In 2005, Christian Audigier, who had blown out the Von Dutch brand, got his hands on a shirt and decided it would be his next venture. Hardy’s business associate made the introduction. “Christian wanted me to be the figurehead, telling me I was going to be famous because he was a guy who worshipped bling and fame and he lives in that world. I didn’t even know who these [celebrities] were. I said, ‘Nah, that’s cool, just pay me,’ ” recalls Hardy, who handed the master license to Audigier. “It got surreal. I would go into a store to get a magazine and see an Ed Hardy lighter. At one point, there were 70 sublicensees.”

Within a couple of years, the brand’s popularity reached dizzying heights — grossing more than $700 million in 2009 — and Audigier began changing the look. He put his own name on the T-shirts, tweaking the designs and color schemes.

“[My associate] saw one shirt that had Christian’s name on it 14 times and mine once,” says Hardy. “Then I thought it was a mistake to say I don’t want anything to do with it publicly.”

Nasty legal entanglements ensued, and eventually Hardy and his wife, Francesca, wrested back creative control of the name in 2010. He signed with Iconix and is currently moving forward with the brand. He doesn’t speak to Audigier, although he makes it clear he never had much contact with him, even during the Hardy heyday.

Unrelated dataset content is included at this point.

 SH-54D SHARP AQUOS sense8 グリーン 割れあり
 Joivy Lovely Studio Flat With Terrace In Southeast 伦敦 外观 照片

And although he’s covered in colorful tats, he thinks the culture now is “bizarre.” Hardy has never watched shows like “LA Ink,” and his son Doug has taken over his San Francisco tattoo shop.

“When I first started, I think there were 500 tattooers in all of North America. Right now there’s about 5,000 in LA County,” he says. “Tattooers are so full of themselves now. They’re so much like rock stars, as if they were sprung from the womb like the savior of mankind.”

But then Hardy just shakes his head and grins. “They’re just tats. There are more serious things in life.”